The decision was 2-1. The judges voting against the Govt (Smith and Davis)seemed to focus on the narrow requirements for a stay pending appeal and on the Govt's burden of showing a significant likelihood of harm if the stay were not granted. Judge Smith also stung the Govt's lawyer on 2 points: He led the Govt to admit tepidly that the economic harm to citizens was not really the Govt's problem in deciding whether to suspend drilling, and he was openly skeptical when the Govt's lawyer said that the threatened "second moratorium" had nothing to do with what the court would decide about the stay.
The dissenting judge, Dennis, seemed to care more about the Govt's likely success on appeal, which is another factor relevant to a stay. He did not seem especially fond of the Govt's expansive drill ban as a matter of good policy, but he put a lot of weight on the discretion afforded by the law to the Secretary of the Interior, and he harped a bit on the Govt's ownership and sovereignty over the outer continental shelf. Judge Davis also tested the plaintiff's on the extent of the Govt's authority. The plaintiffs conceded the Govt's general authority but were steadfast in arguing that the Govt. had not followed it own rules before imposing an unreasonable blanket drilling ban. At the end of the argument it seemed likely that there would be a 2-1 win for the plaintiffs. (There were many more Qs and As that I could discuss if I had more time.)
Afterward, Gov Jindal, who attended the argument, held a press conference in the shady square in front of our office building and made what I thought were very well reasoned arguments against the blanket ban.
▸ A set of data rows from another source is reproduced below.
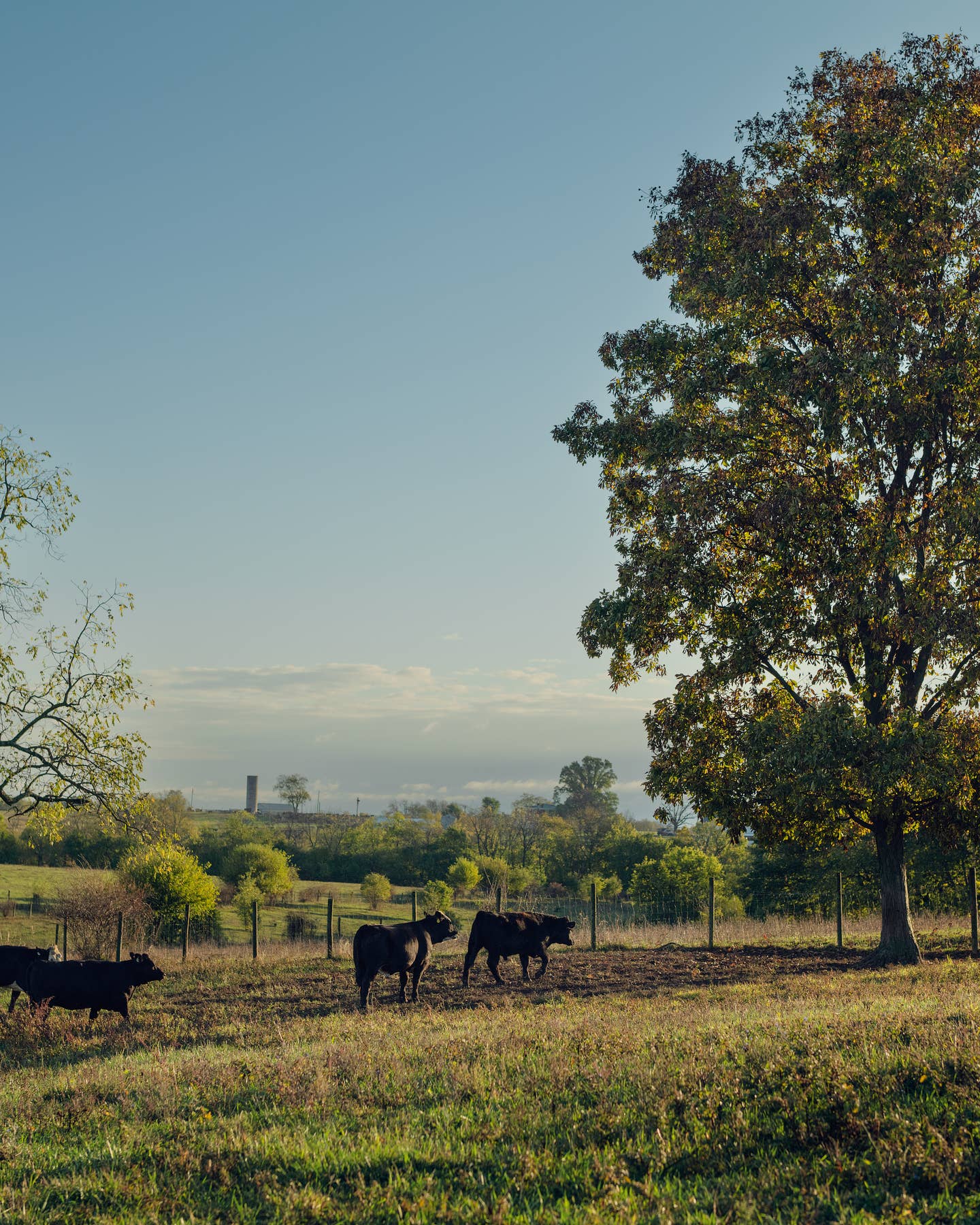 Veal’s Reputation Is Complicated—And Worth Reassessing Veal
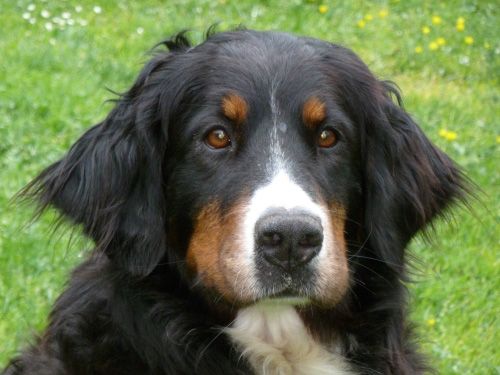 Odabella v. Wiesmadern | &Ouml;sterreichischer Sch&ouml;nheits-Champion 2017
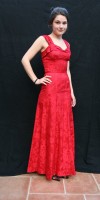Beautiful Red Evening Dress (Front)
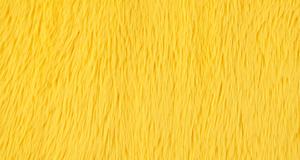 Dreamy Yellow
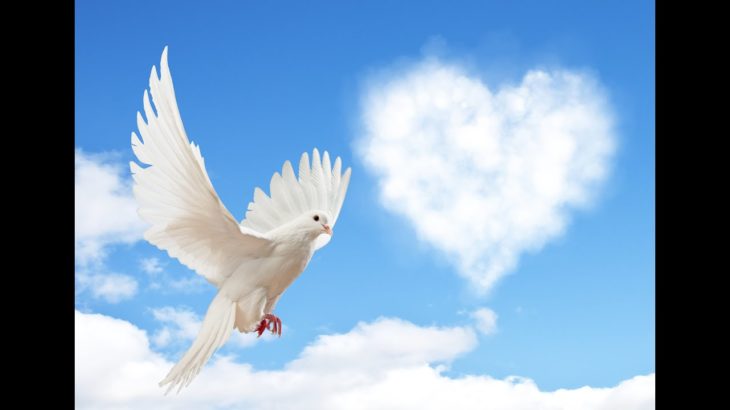 スピリチュアル　コーチ（Q&A)ライブ！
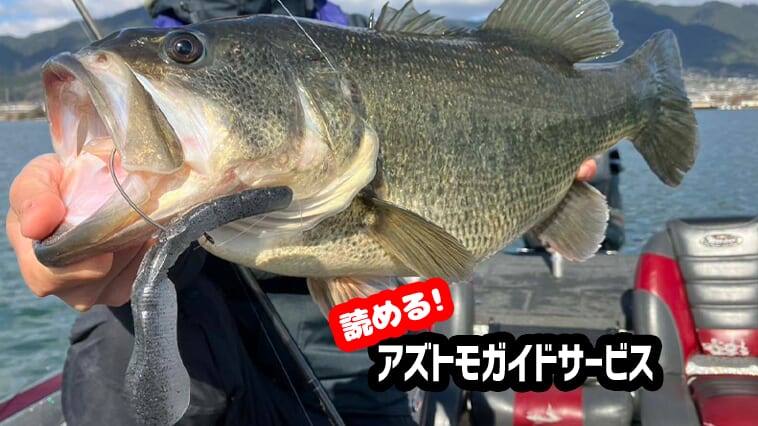 ｜【濁らないならフラットサイドクランクも！】春の琵琶湖でデカバスを狙うなら「フルサイズ」フリーリグ！【無料で読めるアズトモガイドサービス】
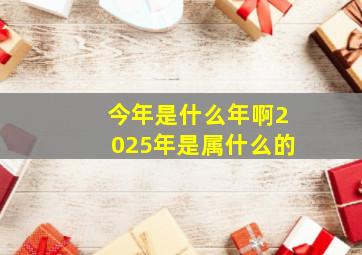 今年是什么年啊2025年是属什么的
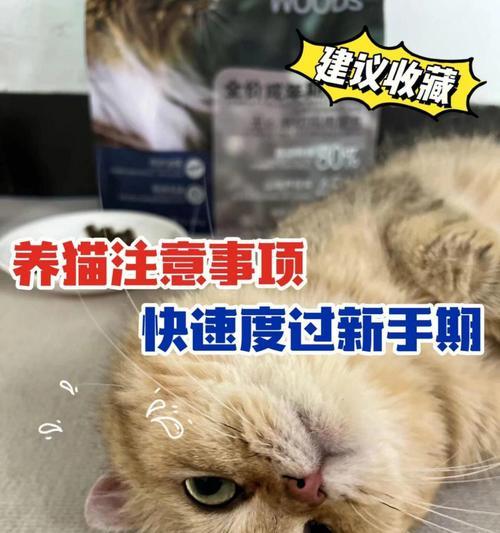 带猫咪参加比赛，这些需要注意（为你的爱猫准备一场完美的比赛经历）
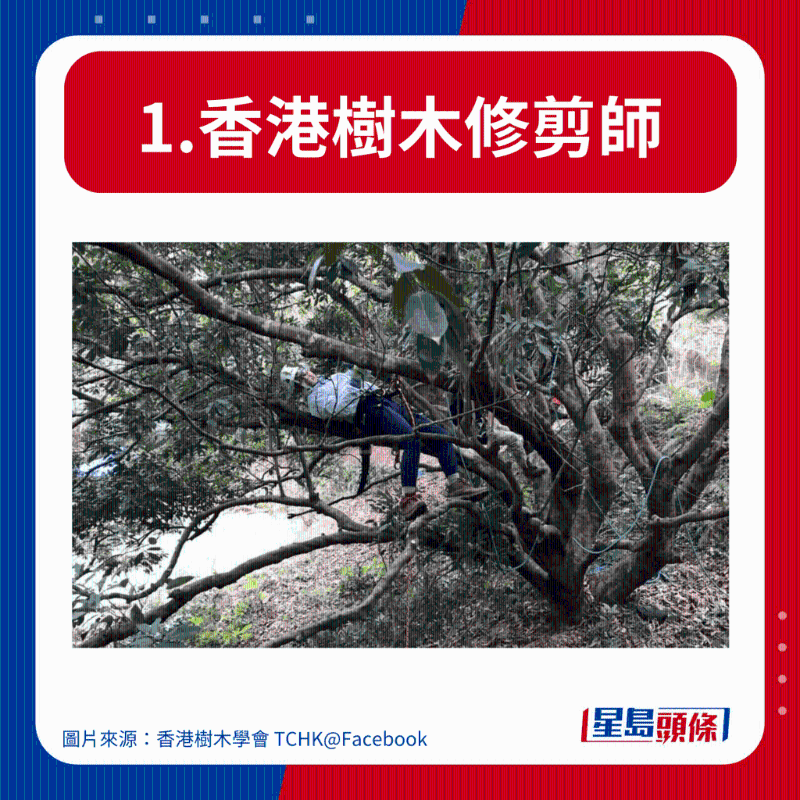 1.香港树木修剪师 1.香港树木修剪师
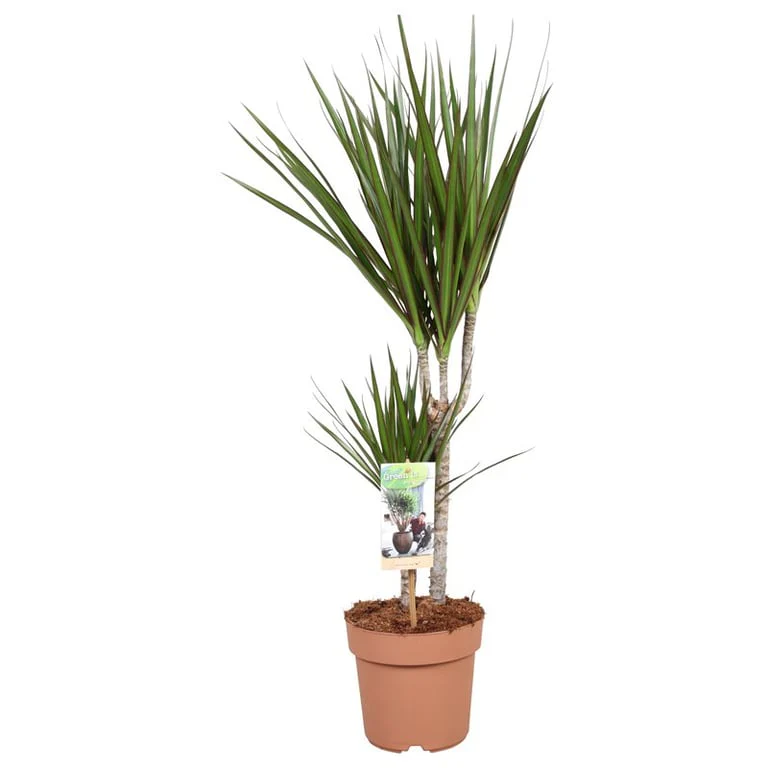 Dracaena marginata P1730+15 stem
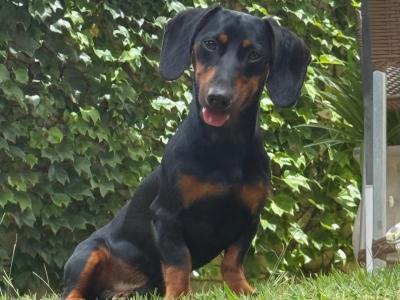 Fully Pedigree Black & Tan Dachshund Stud – IKC Registered, Gentle & Smart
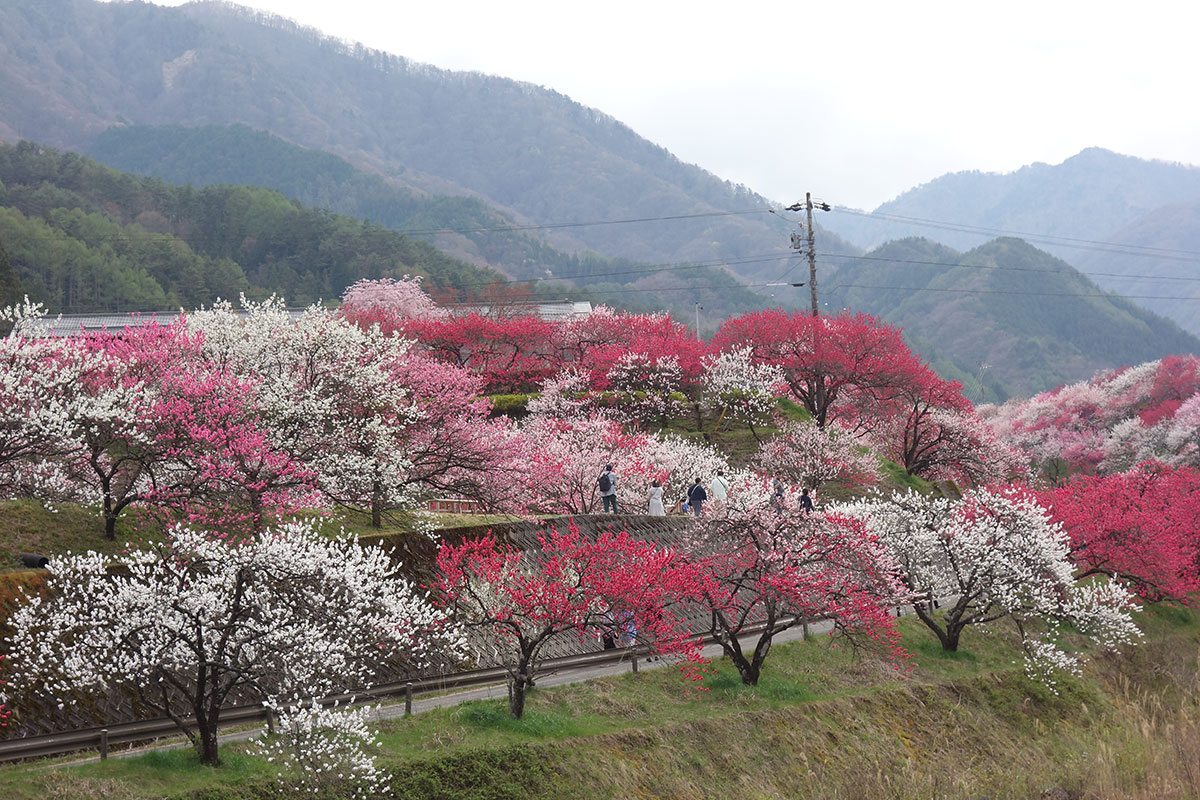 阿智村　花桃の里⑦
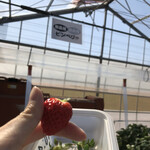 松井ファーム -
He emphasized that the State was in favor of essentially any other steps the US Govt wanted to take, except the thoughtless overbroad moratorium that is putting thousands out of work. He criticized the offers of temporary unemployment aid and BP aid saying that most people just wanted to get back to their jobs and not have to go to BP and the US for handouts. He offered to work with the US Govt to come to a more effective and less harmful solution. As I said, I thought his remarks were excellent. (I get the idea that the Secretary of the Interior is only interested in showing who's boss.)
As for the merits of the appeal to be heard later (by another panel, I think), I'm not too optimistic for the plaintiffs. The law doesn't generally prevent the Govt from making bad policy - as is readily apparent to anyone who's read a newspaper in the last 50 years. Rather, the relevant law in this case - as I understand it - is that the Govt, specifically the Secy of the Interior, is barred only from acting in an arbitrary and capricious manner. That gives the Govt lots of deference to make policy decisions. And while Judge Feldman's injunction opinion looks pretty sound to me, you just never know how far the Govt's deference will be stretched by a panel of appellate judges.